### [Information shown]
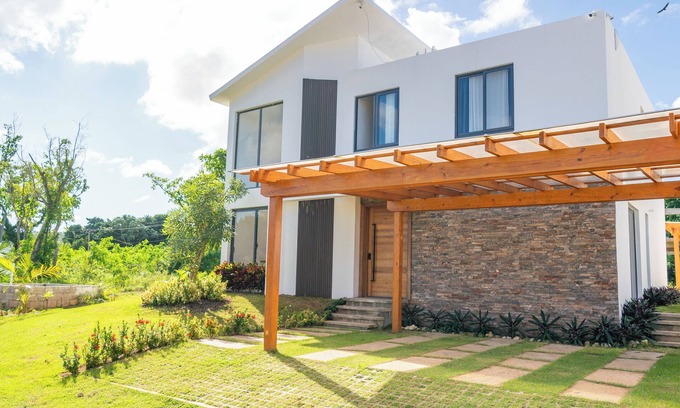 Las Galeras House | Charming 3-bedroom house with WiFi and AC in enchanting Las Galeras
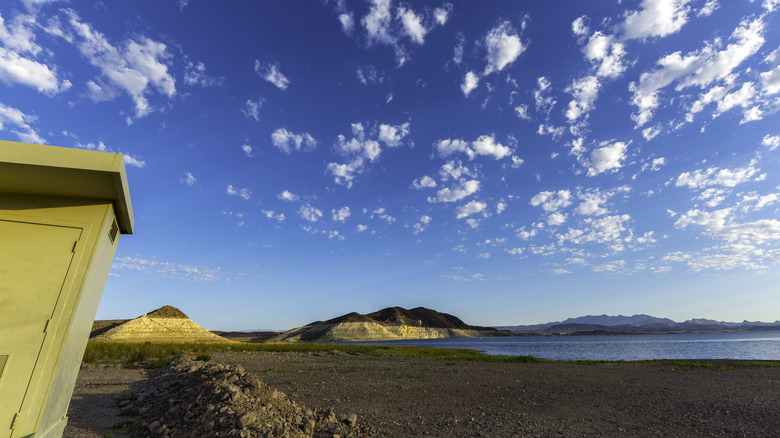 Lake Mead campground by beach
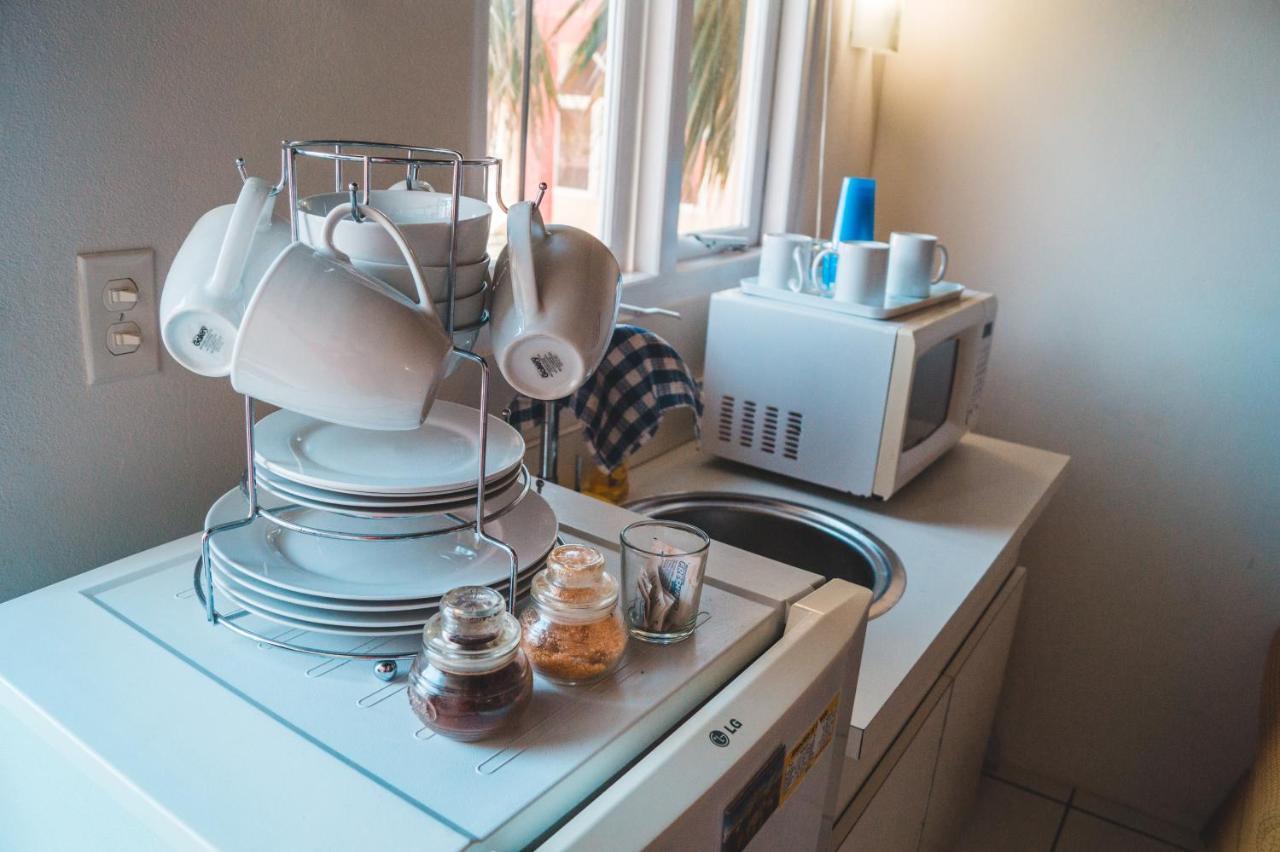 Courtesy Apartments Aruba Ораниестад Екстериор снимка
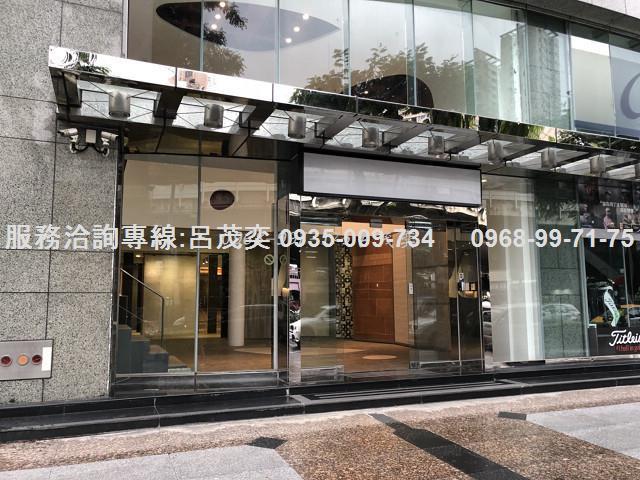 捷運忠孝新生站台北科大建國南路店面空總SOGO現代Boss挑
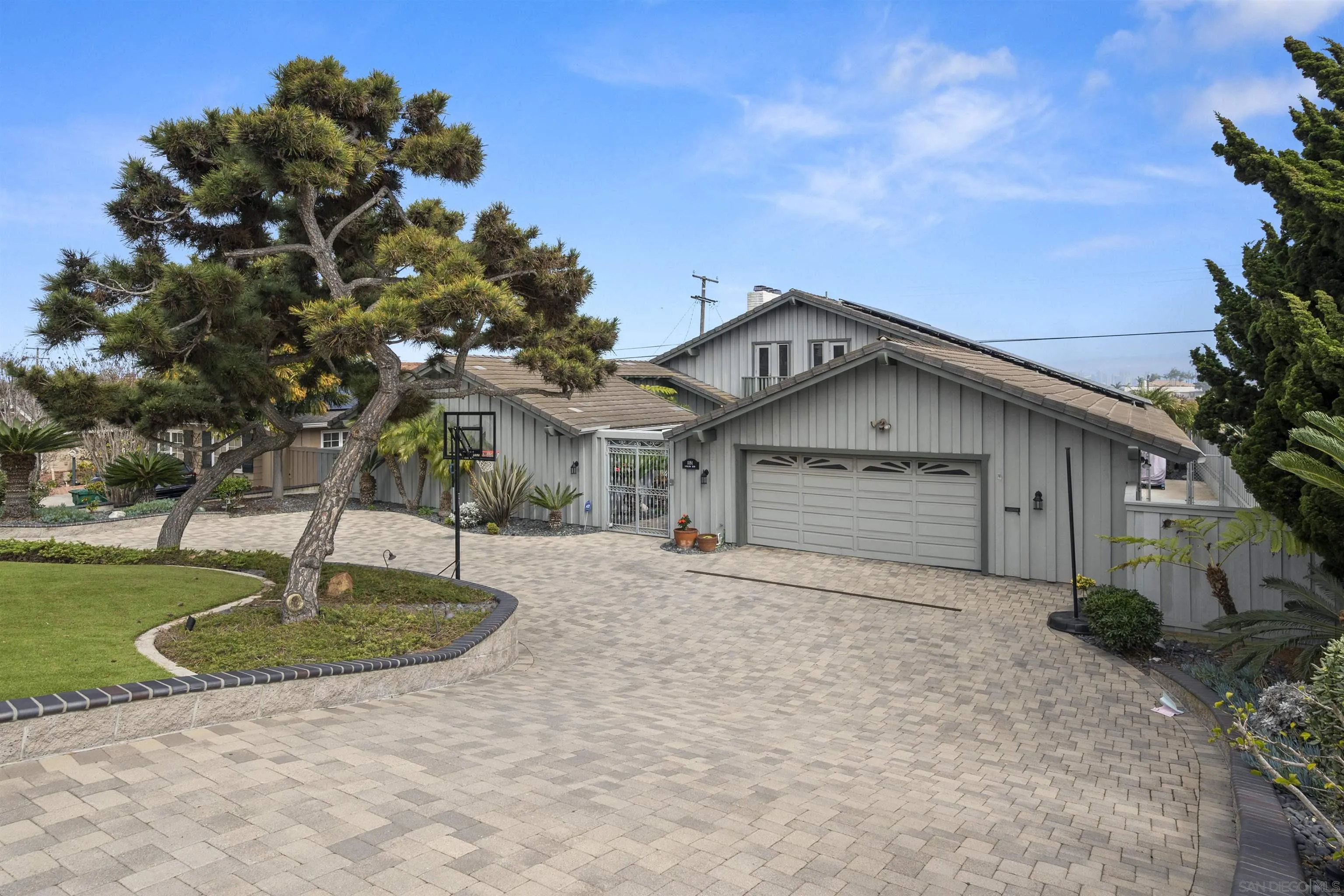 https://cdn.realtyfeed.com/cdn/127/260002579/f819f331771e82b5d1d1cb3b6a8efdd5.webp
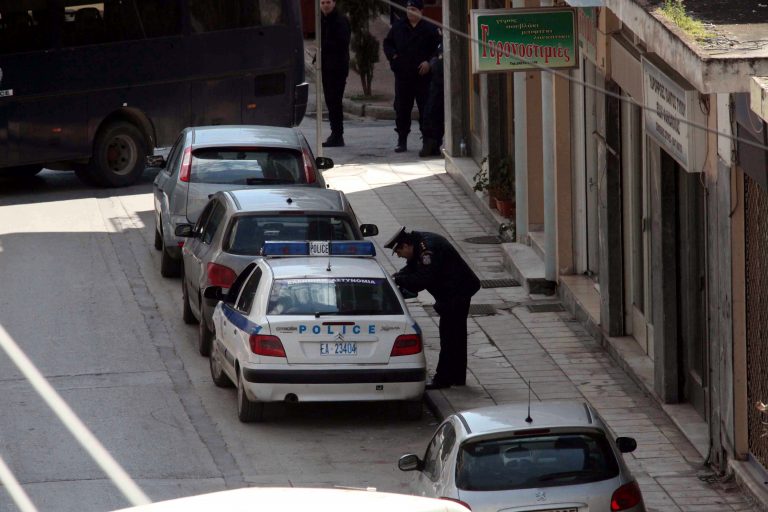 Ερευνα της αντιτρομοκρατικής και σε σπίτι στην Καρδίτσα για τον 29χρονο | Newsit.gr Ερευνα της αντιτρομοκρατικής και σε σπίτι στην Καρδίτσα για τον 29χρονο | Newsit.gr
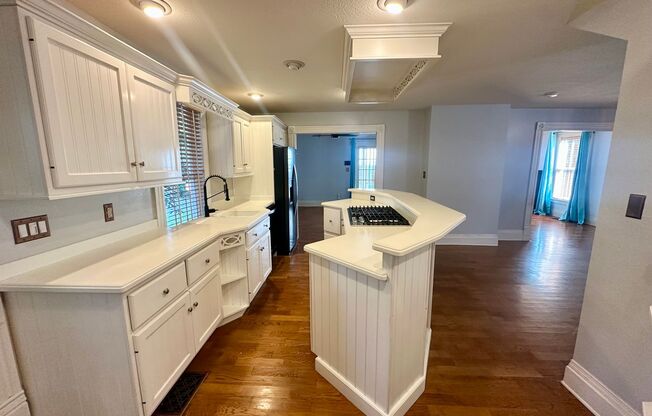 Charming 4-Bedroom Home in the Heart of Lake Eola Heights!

### [Action item]
Keep the pictures out and write out the records exactly.

### [Expected output]
 Las Galeras House | Charming 3-bedroom house with WiFi and AC in enchanting Las Galeras
 Lake Mead campground by beach
 Courtesy Apartments Aruba Ораниестад Екстериор снимка
 捷運忠孝新生站台北科大建國南路店面空總SOGO現代Boss挑
 https://cdn.realtyfeed.com/cdn/127/260002579/f819f331771e82b5d1d1cb3b6a8efdd5.webp
 Ερευνα της αντιτρομοκρατικής και σε σπίτι στην Καρδίτσα για τον 29χρονο | Newsit.gr Ερευνα της αντιτρομοκρατικής και σε σπίτι στην Καρδίτσα για τον 29χρονο | Newsit.gr
 Charming 4-Bedroom Home in the Heart of Lake Eola Heights!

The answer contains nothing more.